Every entry is to be copied exactly as written, and the pictures are to be skipped.

[Records from a data source]
---------------

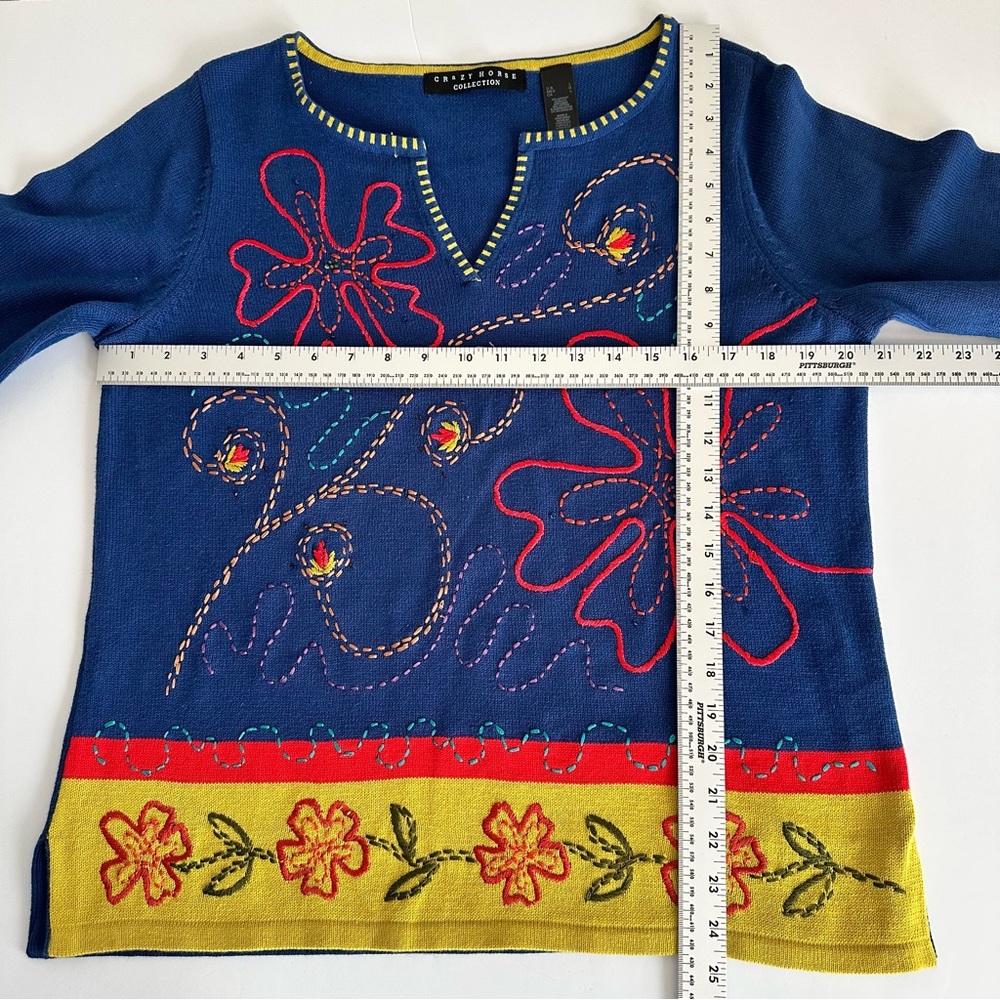 Crazy Horse Liz Claiborne Multicolor Floral Embroidered Sweater Womens Large - Picture 6 of 6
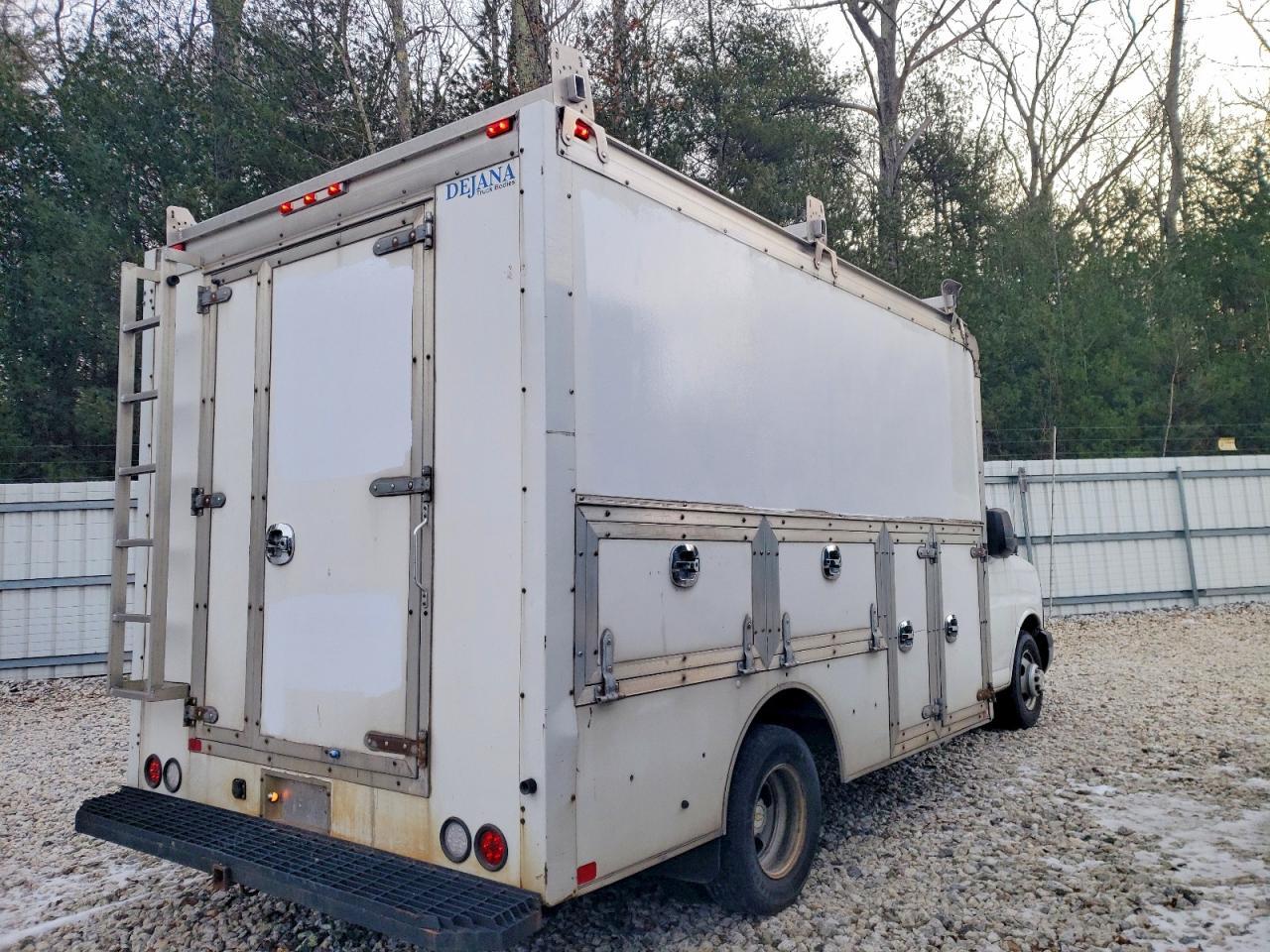 2016 Chevrolet Express G3500 * Utility Van * - Фото 3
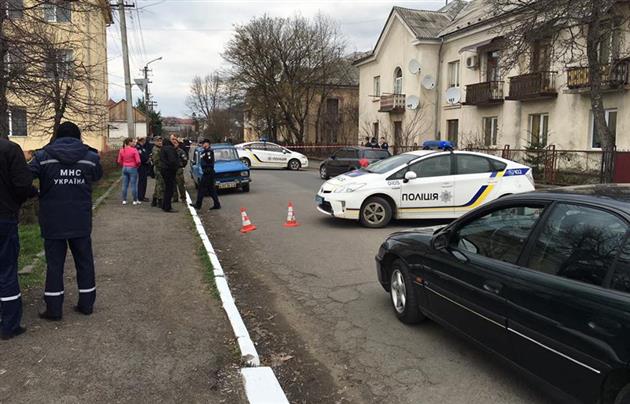Стрілянина в Мукачеві біля школи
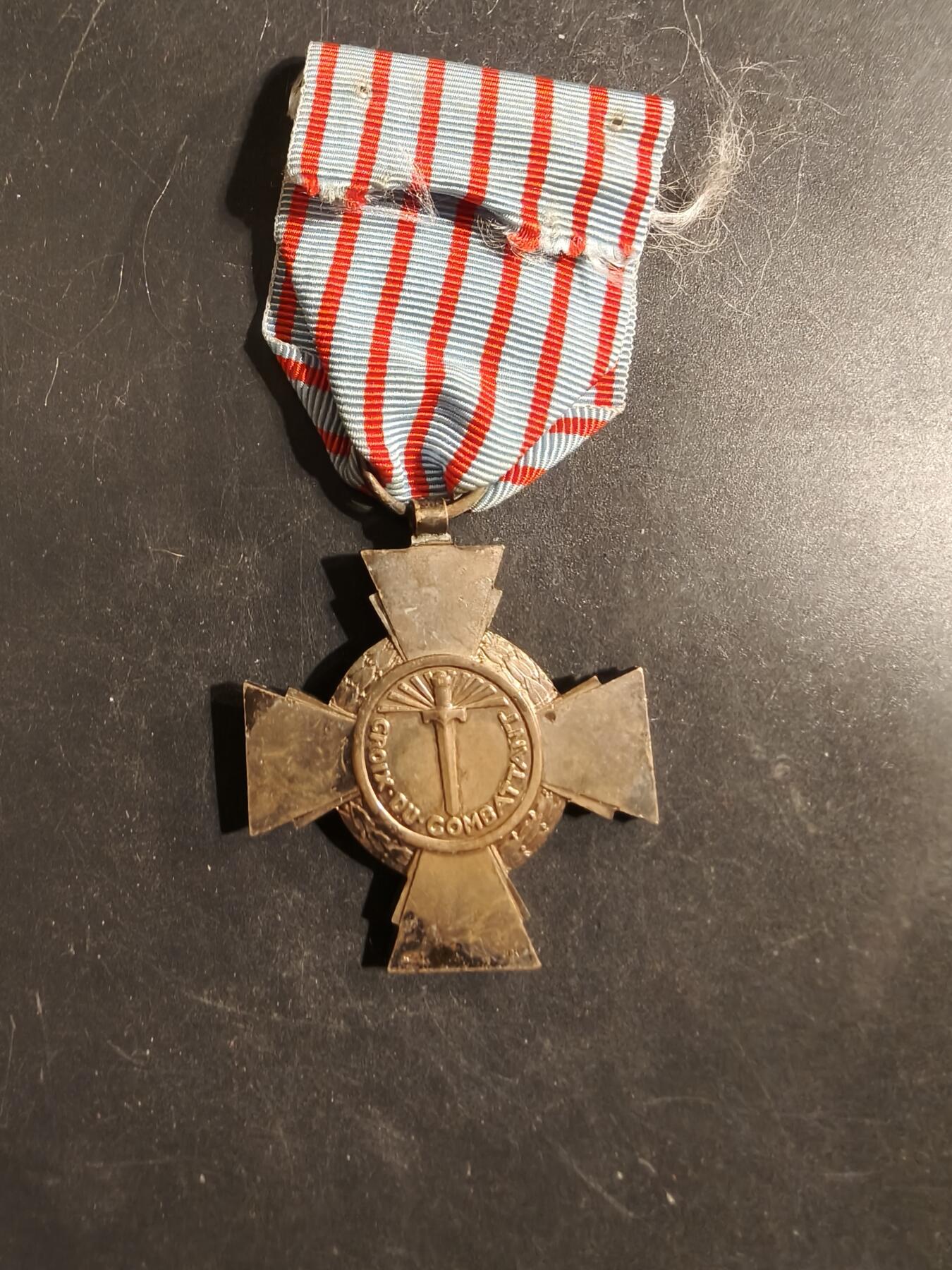 老王徽章第176期 法国战斗十字奖章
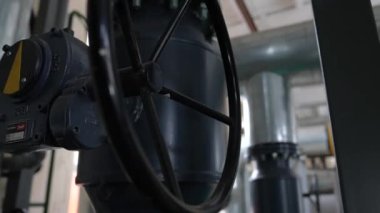 Kazan dairesindeki büyük valf. Büyük borular, ısı kaynağı. Ukrayna Ternopil Mart 2023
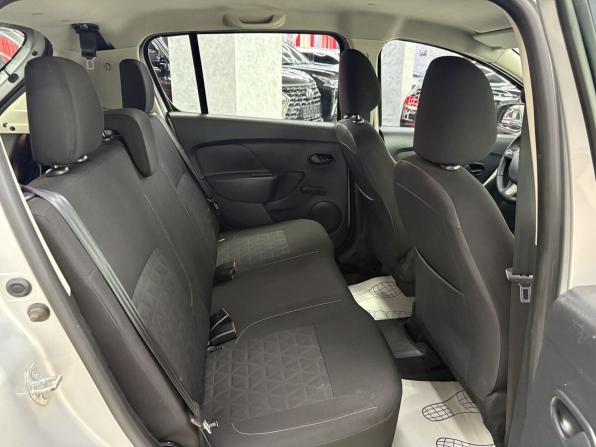 Renault Sandero II с пробегом 2016 года, цена 999 000 рублей, 106481 км, хэтчбек, Автокод Объявления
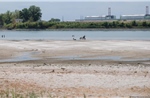 Sông Danube cạn nước, Romania đóng nhà máy hạt nhân duy nhất, Hungary xây đập ứng phó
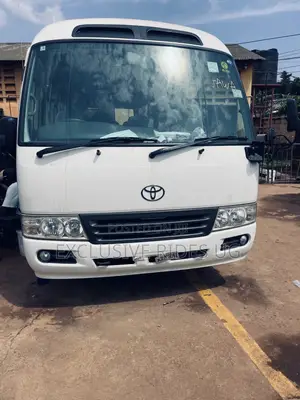 Mitsubishi Fuso Rosa 2014 White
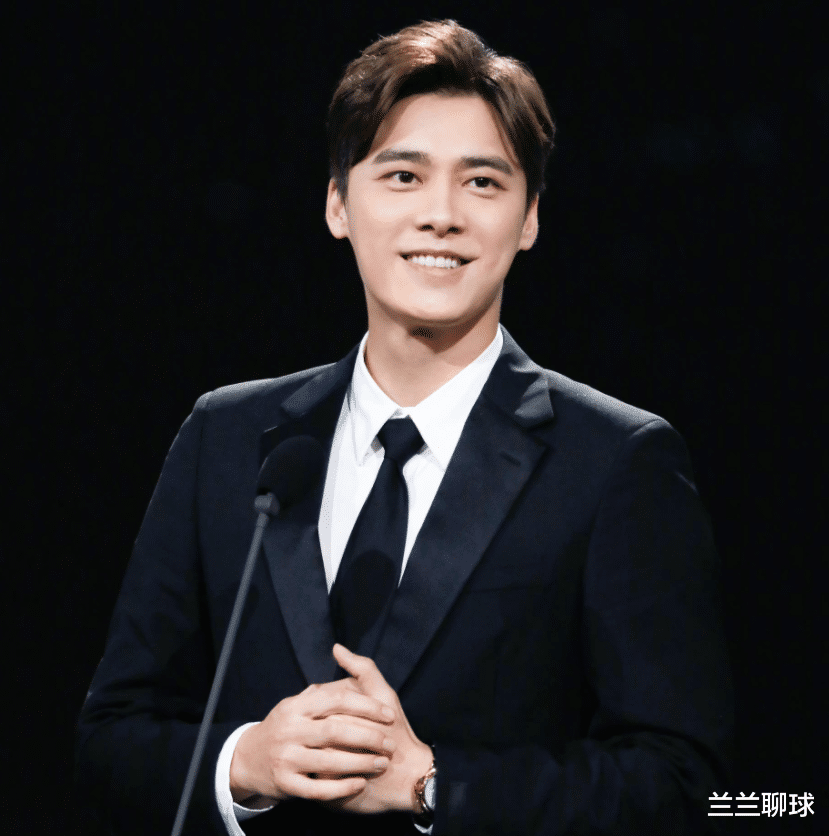 |成绩和地位来之不易,问君为何不珍惜?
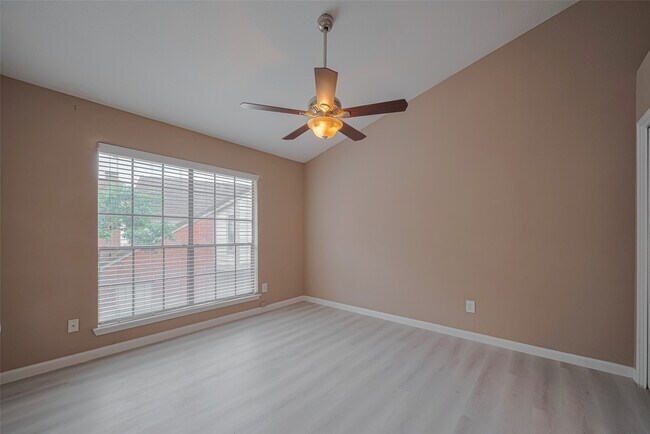 Building Photo - 2211 S Kirkwood Rd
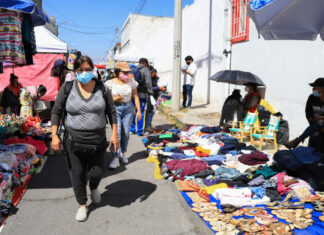 Reubican a nenis a la 9 poniente tras caso de Leslie Las nenis aseguran que esto les implica un gasto extra debido a que se les piden carpas para instalarse en la 9 poniente..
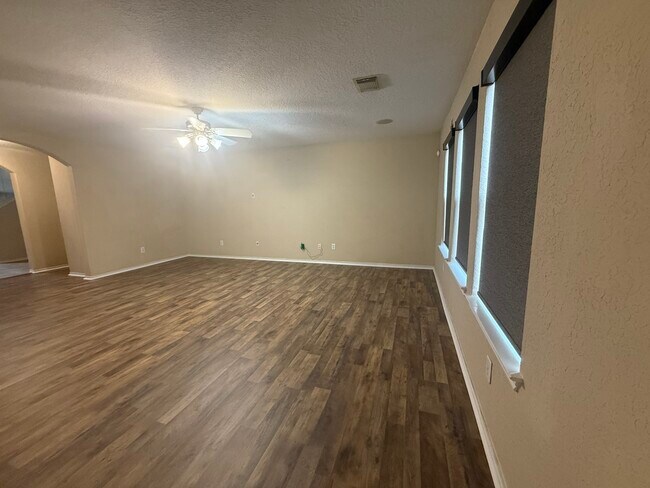 Building Photo - 11215 Overland Trail Dr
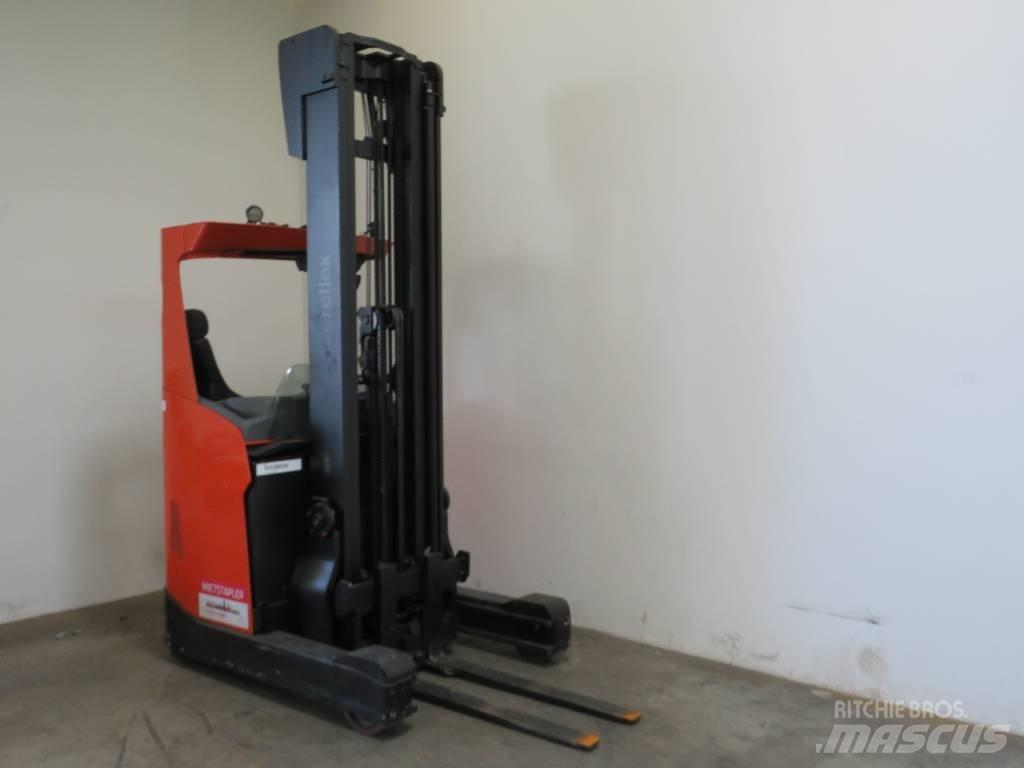 BT RR E 160 H Chariot à mât rétractable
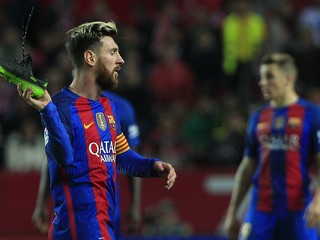 Španielsky denník Marca uviedol, že Lionel Messi (vľavo) nehodlá predĺžiť svoj kontrakt s FC Barcelona.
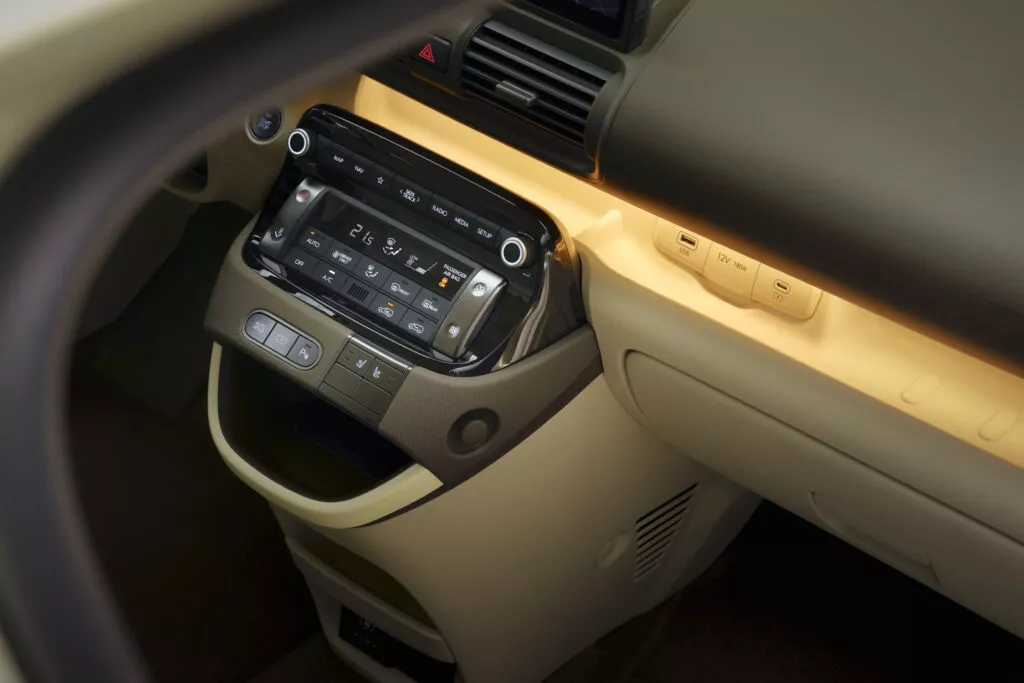 https://www.carscoops.com/wp-content/uploads/webp/2024/06/Hyundai-Inster-8-1024x683.webp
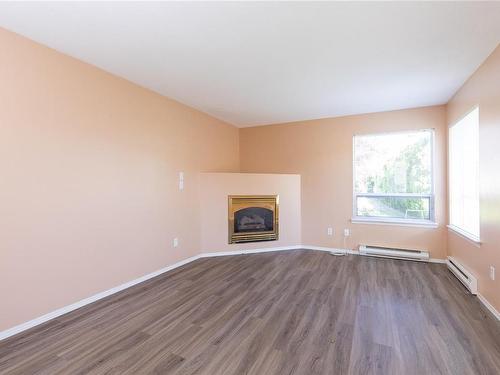 5166 Kaitlyns Way, Nanaimo, BC - Indoor Photo Showing Living Room With Fireplace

---------------

▶ [Problem solution]
 Crazy Horse Liz Claiborne Multicolor Floral Embroidered Sweater Womens Large - Picture 6 of 6
 2016 Chevrolet Express G3500 * Utility Van * - Фото 3
Стрілянина в Мукачеві біля школи
 老王徽章第176期 法国战斗十字奖章
 Kazan dairesindeki büyük valf. Büyük borular, ısı kaynağı. Ukrayna Ternopil Mart 2023
 Renault Sandero II с пробегом 2016 года, цена 999 000 рублей, 106481 км, хэтчбек, Автокод Объявления
 Sông Danube cạn nước, Romania đóng nhà máy hạt nhân duy nhất, Hungary xây đập ứng phó
 Mitsubishi Fuso Rosa 2014 White
 |成绩和地位来之不易,问君为何不珍惜?
 Building Photo - 2211 S Kirkwood Rd
 Reubican a nenis a la 9 poniente tras caso de Leslie Las nenis aseguran que esto les implica un gasto extra debido a que se les piden carpas para instalarse en la 9 poniente..
 Building Photo - 11215 Overland Trail Dr
 BT RR E 160 H Chariot à mât rétractable
 Španielsky denník Marca uviedol, že Lionel Messi (vľavo) nehodlá predĺžiť svoj kontrakt s FC Barcelona.
 https://www.carscoops.com/wp-content/uploads/webp/2024/06/Hyundai-Inster-8-1024x683.webp
 5166 Kaitlyns Way, Nanaimo, BC - Indoor Photo Showing Living Room With Fireplace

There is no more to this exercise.